Sering pula saya saksikan empok-empok atau emak-emak tidak melakukan proses sebagaimana diceritakan di atas, tapi mereka langsung keramas dengan abu merang. Katanya, keramas dengan air abu merang atau abu merangnya langsung, rambut akan kesed (kesat), tidak lembab, dan kering. Lebih dari itu, melazimkan keramas dengan abu merang, kataya rambut makin subur dan makin hitam. Mungkin ini benar, karena rambut empok saya terlihat panjang, hitam, dan gembel.
Kata ahli permerangan, menggunakan abu merang untuk keramas memang dapat menghitamkan rambut secara alami. Lebih dari itu, jauh lebih aman bagi kesehatan. Kata para ahli, merang itu mengandung zat kimiawi yang hebat. Dikatakan, komposisi kimiawinya sebagai berikut: karbon 1,33 persen, hidrogen 1,54 persen, silika 16,98 persen, dan oksigen 33,64 persen. Karena kandungannya seperti itu, maka merang jadi andalan bahan alami untik shampo. Konon, sejak masa kerajaan, permaisuri dan putri raja berkeramas dan ngerawat rambut pake abu merang.
Tetapi yang sebenarnya seru adalah bagaimana perempuan itu mandi dan keramas menjelng puasa. Dulu pada masa kali atau sungai jernih dan belum tercemar, sesudah asar kaum perempuan (emak-emak dan anak-anak perawannya) berbondong-bondong menuju sungai. Di sungai inilah mereka mandi dan keramas bersama. Itu kebiasaan masa itu. Hal yang sangat biasa dan sudah menjadi radisi.

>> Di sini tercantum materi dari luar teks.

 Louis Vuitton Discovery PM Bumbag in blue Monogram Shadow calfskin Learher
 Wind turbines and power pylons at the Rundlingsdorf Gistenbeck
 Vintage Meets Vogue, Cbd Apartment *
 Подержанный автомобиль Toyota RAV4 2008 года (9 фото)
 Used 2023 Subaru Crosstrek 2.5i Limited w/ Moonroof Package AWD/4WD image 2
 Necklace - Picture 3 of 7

Mandi di kali untuk keramas menyambut puasa memang dilakukan semua warga, baik laki-laki, perempuan, dan anak-anak tanpa memandang umur. Biasanya yang diatur adalah waktunya saja. Kaum perempuan didahulukan (sesudah asar) dan baru kemudian kaum laki-laki. Pendahuluan kaum perempuan, karena kaum perempuan masih mempunyai tugas setelah mandi dan keramas, yaitu membereskan urusan dapur.

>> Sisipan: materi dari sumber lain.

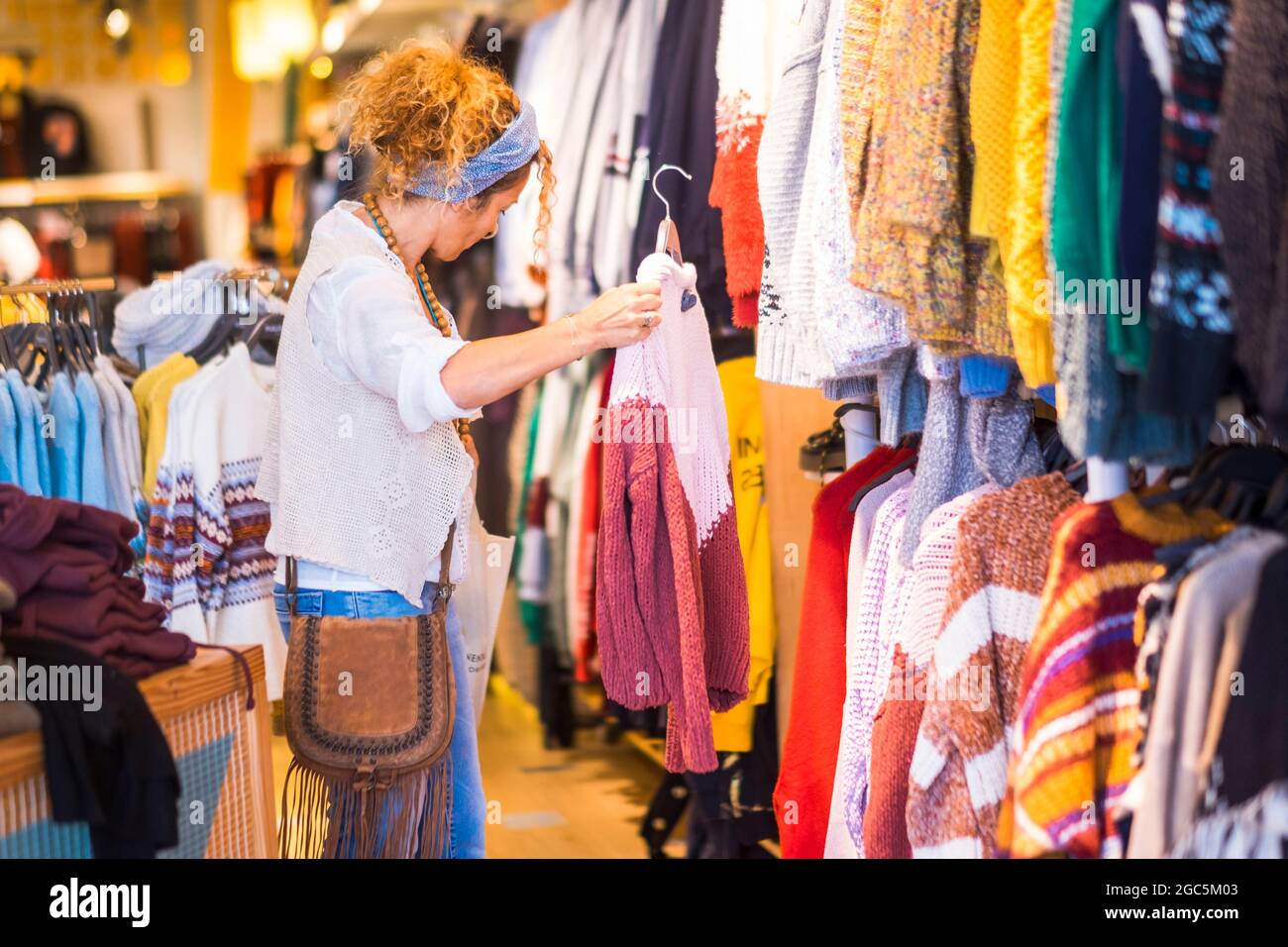 Mujer de una tienda de ropa en actividad comercial - moda moda estilo de vida personas - concepto de ventas ocasión descuento centro comercial c Fotografía de stock -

Rupanya, sejak dahulu kala, rambut bagi perempuan adalah mahkota. Makanya perempuan memimpikan dan mendambakan mempunyai rambut sehat dan hitam (apalagi jika hitam ikal mayang). Keramas dengan abu merang ternyata mudah dan ekonomis. Rambut berkilau, subur, hitam, dan tidak ketombean.
Bisa jadi perempuan metropolitan dari generasi alfa, tidak kenal dengan merang. Atau malah mereka tidak tahu merang itu berasal dari pohon apa. Nyatanya memang di kota metropolitan Jakarta, sawah tempat menanam padi sudah tidak ada. Sawah masih ada sih (misalnya di Rorotan, Jakarta Utara), tapi tinggal seicrit. Dari yang seicrit itu jarang makhluk manusia penghuni metropolitan sudi memperhatikannya.

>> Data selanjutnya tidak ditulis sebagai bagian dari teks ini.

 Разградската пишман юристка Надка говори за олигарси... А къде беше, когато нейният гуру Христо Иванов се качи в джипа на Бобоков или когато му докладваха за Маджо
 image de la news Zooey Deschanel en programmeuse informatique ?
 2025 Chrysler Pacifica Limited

Sejak perusahaan besar kosmetika memproduksi aneka macam sampo, keindahan rambut perempuan dimanjakan oleh produk mereka. Perempuan “dijebak” oleh lenggang-lenggok perempuan (bintang iklan) berambut indah karena dicuci sampo keluaran perusahaan itu. Perempuan kita sudah tidak memahami local wisdom perawatan rambut ala nenek moyang.
Ente sedih melihat kenyataan ini? Atau girang? (Yahya Andi Saputra).